Have read for almost 2 years. Yes two years and as I've read...he is still "showing" me who he is....
Am the supposed "girlfriend" of an addict, can't say "loved one" because his one and only true love is drugs. of course the "girlfriend" description is on again off again, between all the binges, addiction, affairs, deceptions, lies, deception, omissions, & illegal garbage...whatever status suited his current need for an ago or alternate body part being stroked.
I have two beautiful daughter (not his) that depending on if its him or the addict present , are still impacted on a daily/weekly/monthly basis by his addiction to sex/lies/drugs and mine to him(according to the couples counselor).
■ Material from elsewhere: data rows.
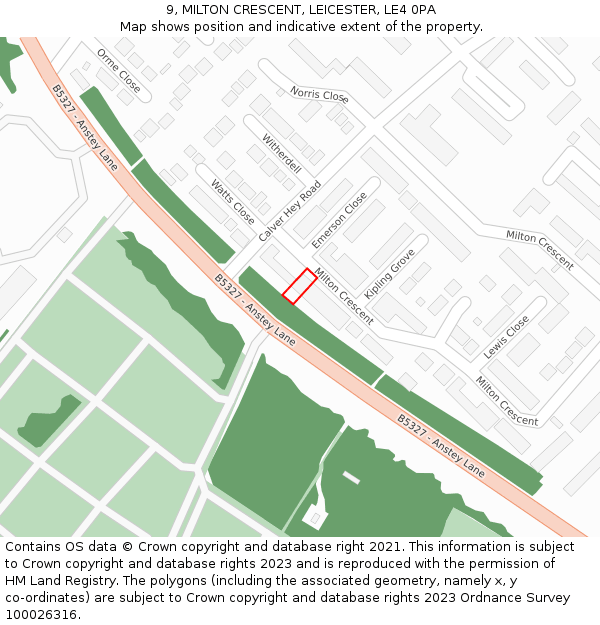 9, MILTON CRESCENT, LEICESTER, LE4 0PA: Location map and indicative extent of plot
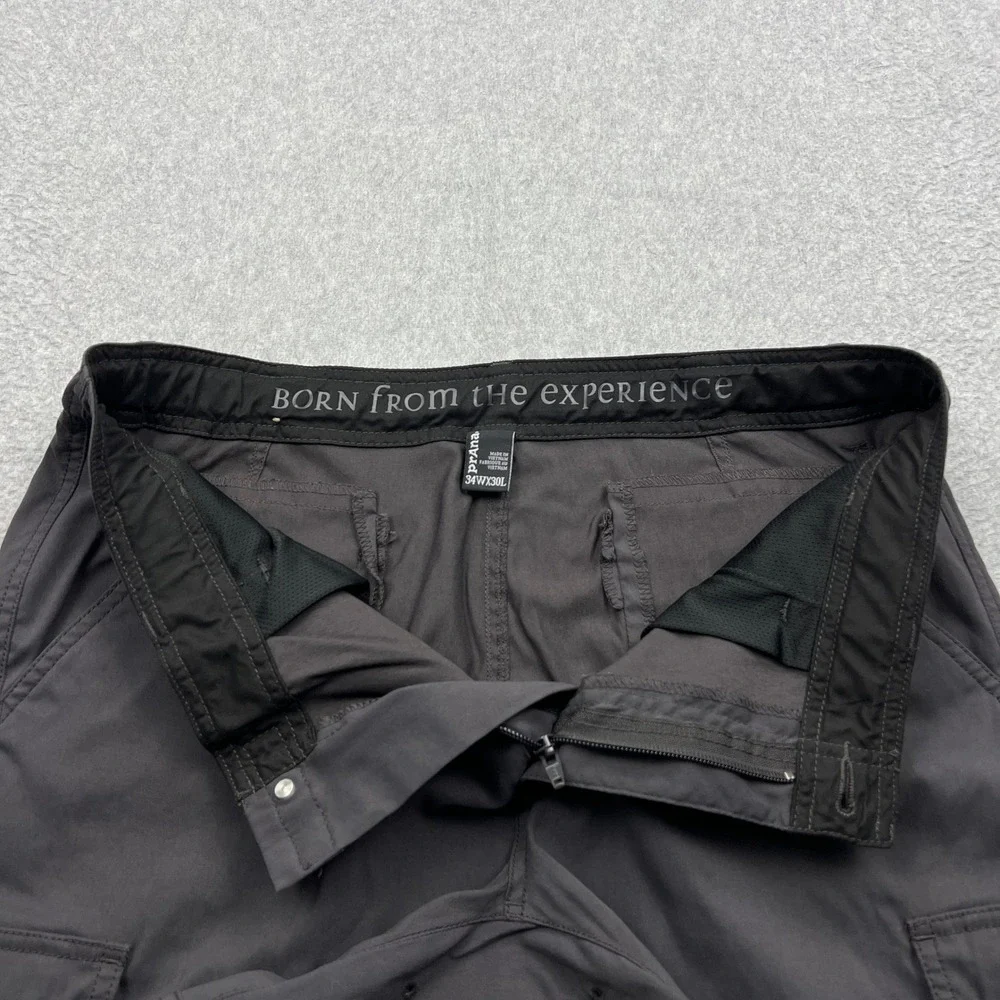 prAna Zogger Pants Mens 34x30 Gray Nylon Cargo Stretch Belted Hiking Jogger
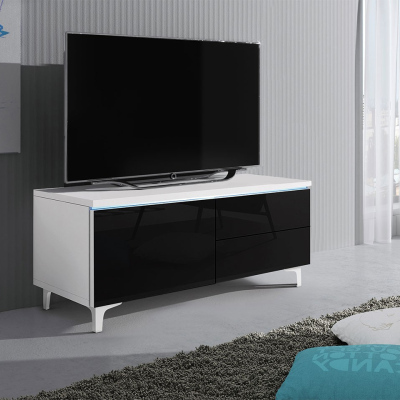 FERNS 11 TV-asztal lábakon LED világítással - fehér / fényes fekete, balos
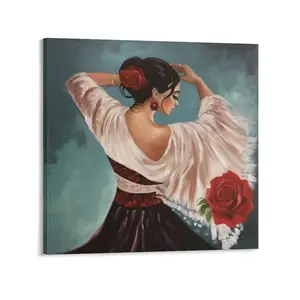 Flamenco Woman Wall Art Spanish Woman Painting Spanish Dancer Illustration Latino Folk Art Decor Poster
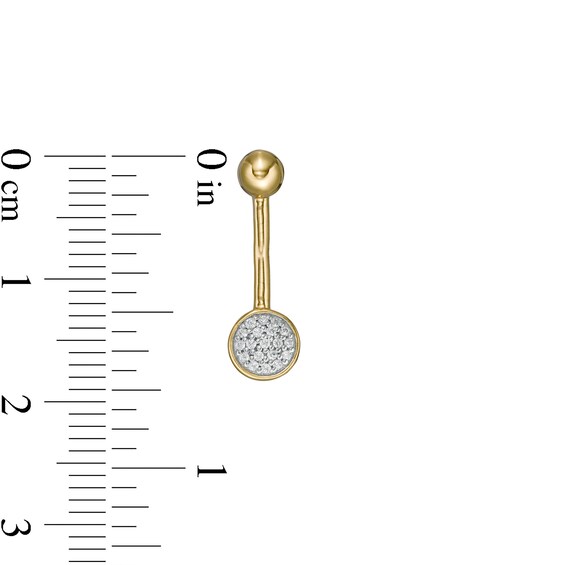 014 Gauge 1/20 CT. T.W. Composite Diamond Frame Disc Belly Button Ring in 10K Gold - 7/16"
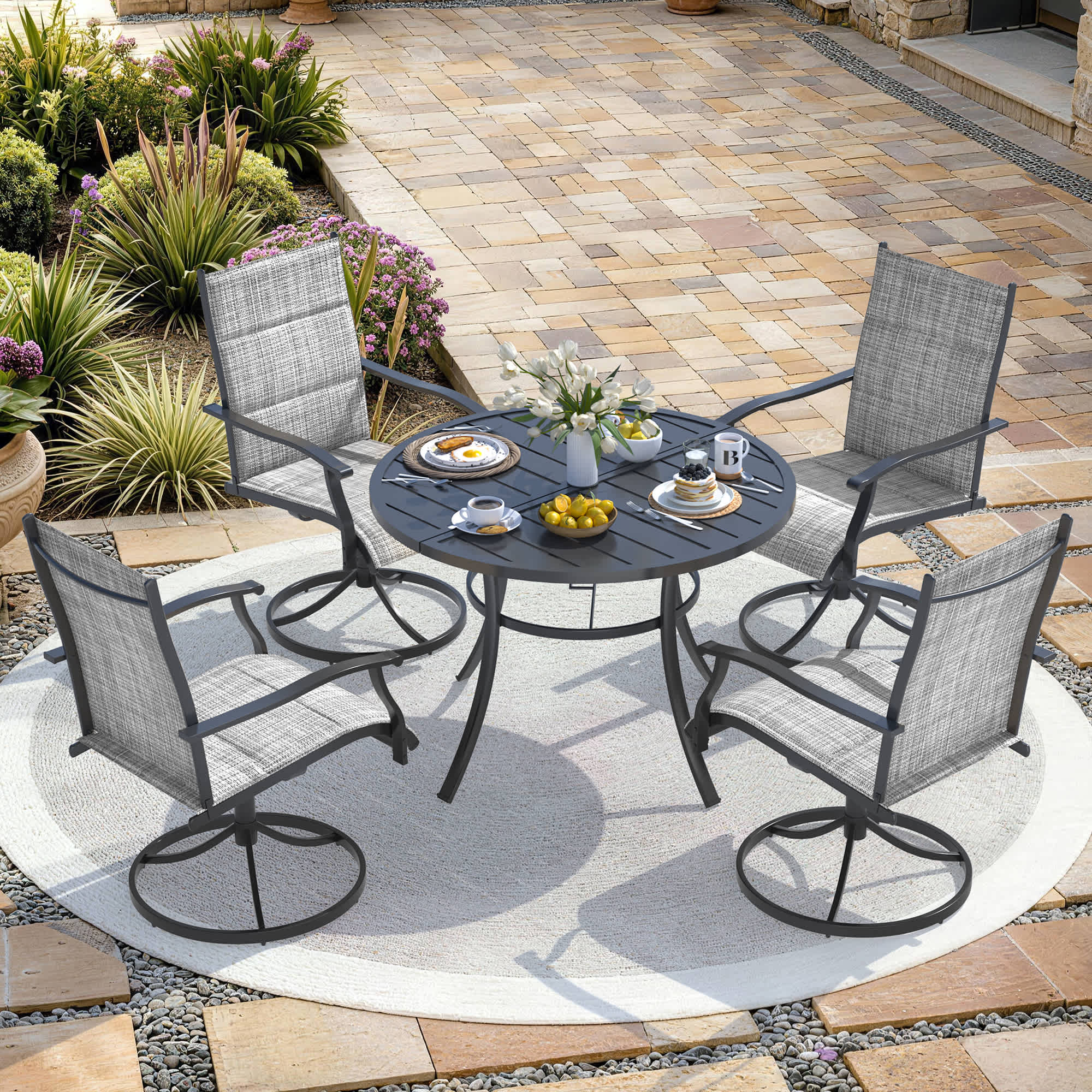 U-HOMY ZXOT001BK+010GY Patio-Dining-Sets - View #6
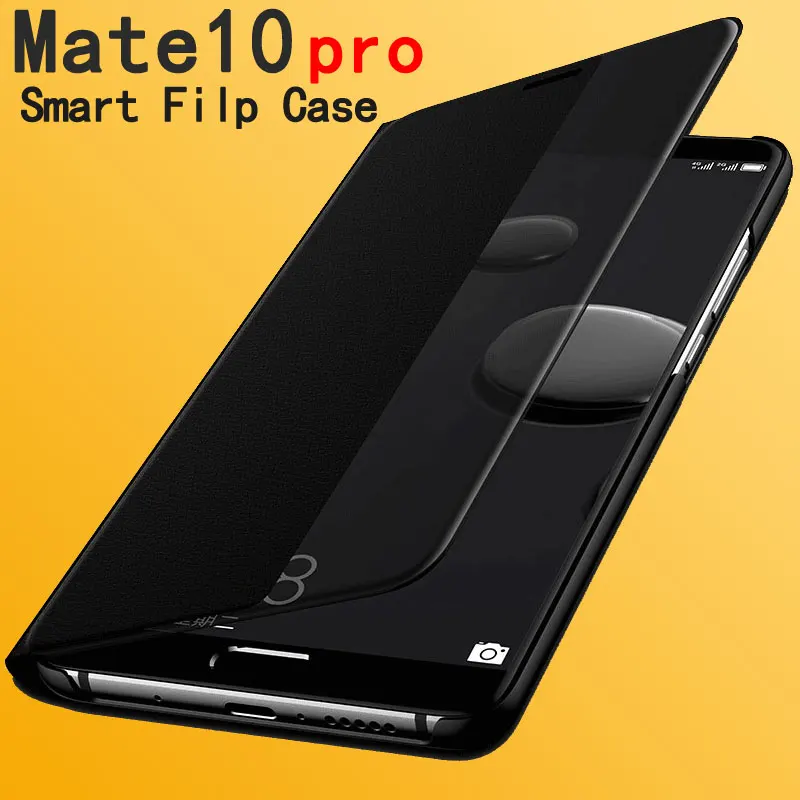 

smartphone case for Huawei Mate 10 Mate10 pro with clear viewing window High quality PU leather case with clear viewing window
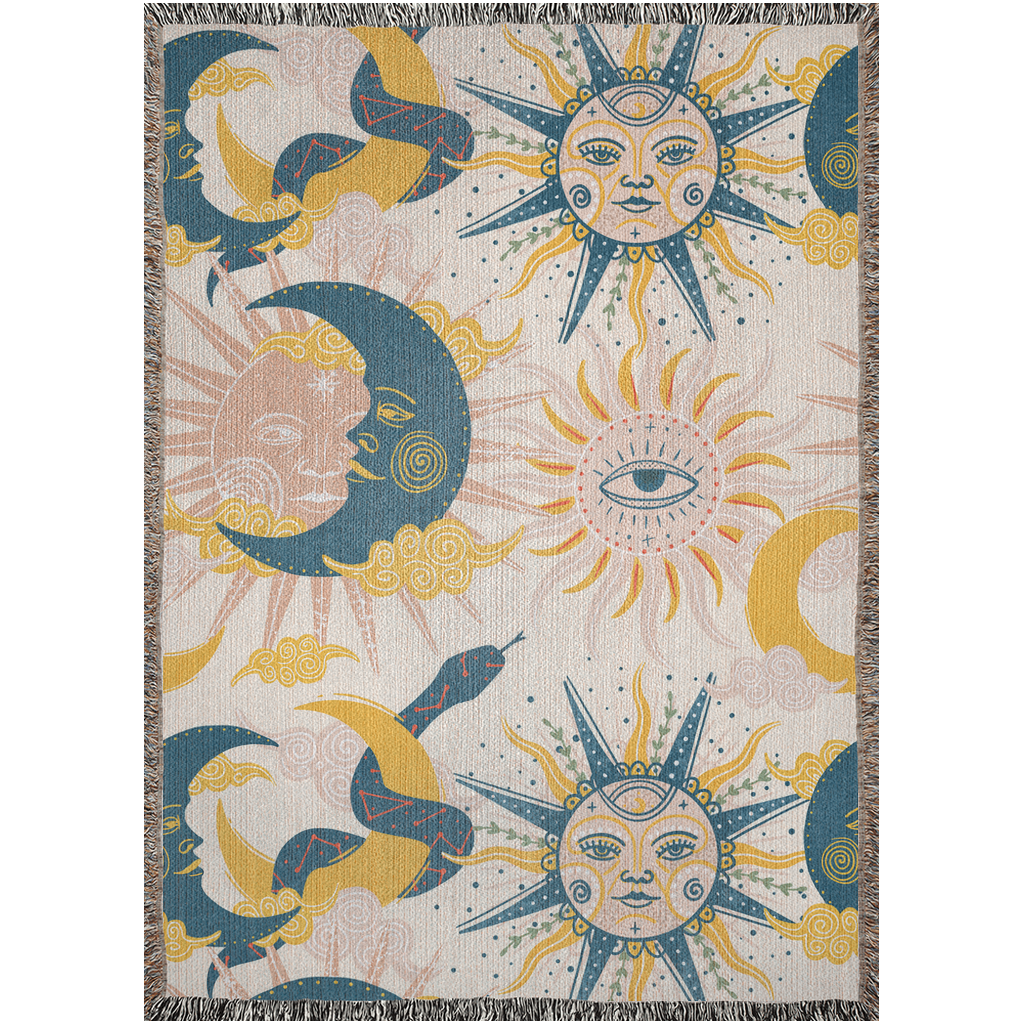 Sun Moon Stars | Celestial Woven Blanket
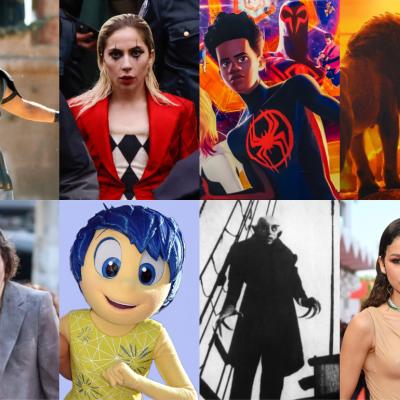 8 frames with images representing Gladiator, Joker 2, Spiderman: Across the Spider-verse, The Lion King, Inside Out, Nosferatu, and Dune.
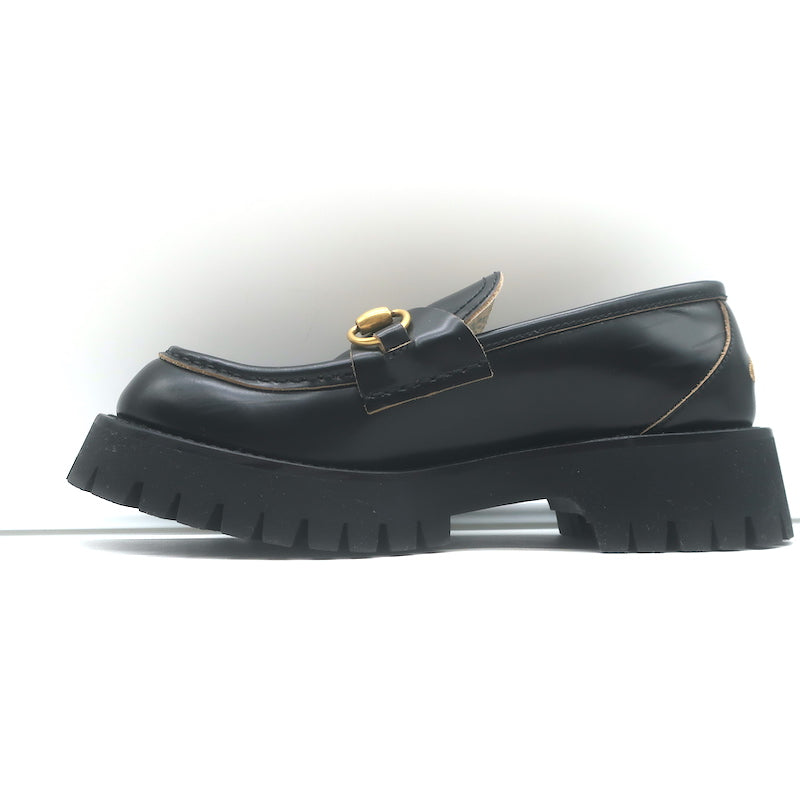 Gucci Harald Platform Lug Sole Horsebit Loafers Black Leather Size 37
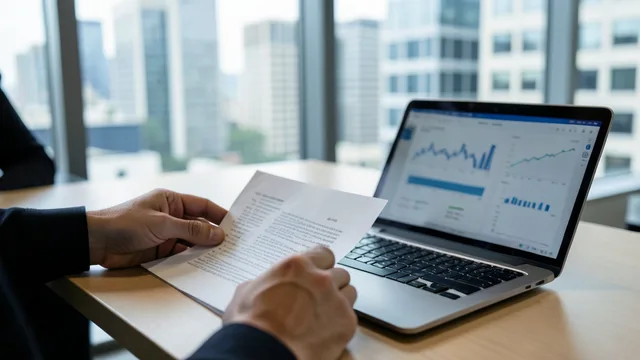 Documentos financeiros e computador sobre uma mesa em um escritório, com prédios desfocados ao fundo.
He will either treat them like gold or steal from their piggy banks and be present or not.
It is embarrassing to admit how far gone things are and how foolish/fooled one has been, yet it is also very liberating to be a feeling, loving person and actually survive what loving an addict entails.
I battle daily with my heart and mind at odds... one should not have to "suffer" at the expense of the other...so i do my best try to learn how to ensure I am meeting the needs of both... with or without the addict in my life.
With each passing day the hope that kept me going emotionally is taking a back seat to the logic. Am I perfect? hardly, but I am also not going to be blamed or a scapegoat for someones addiction.
I struggle with the "detach with love" and labels associated with having an addict in ones life.
Healthy boundaries? A work in progress. Honestly had those been in place I probably would not be in this situation.
In a nutshell I am a person who has spent far to much time and energy focusing on an addict who really honestly isn't all that interested in "recovery" or his "girlfriend" because ...heck there will always be and always has been another mark, addict, "random" there to give him a quick fix if he can't afford his DOC.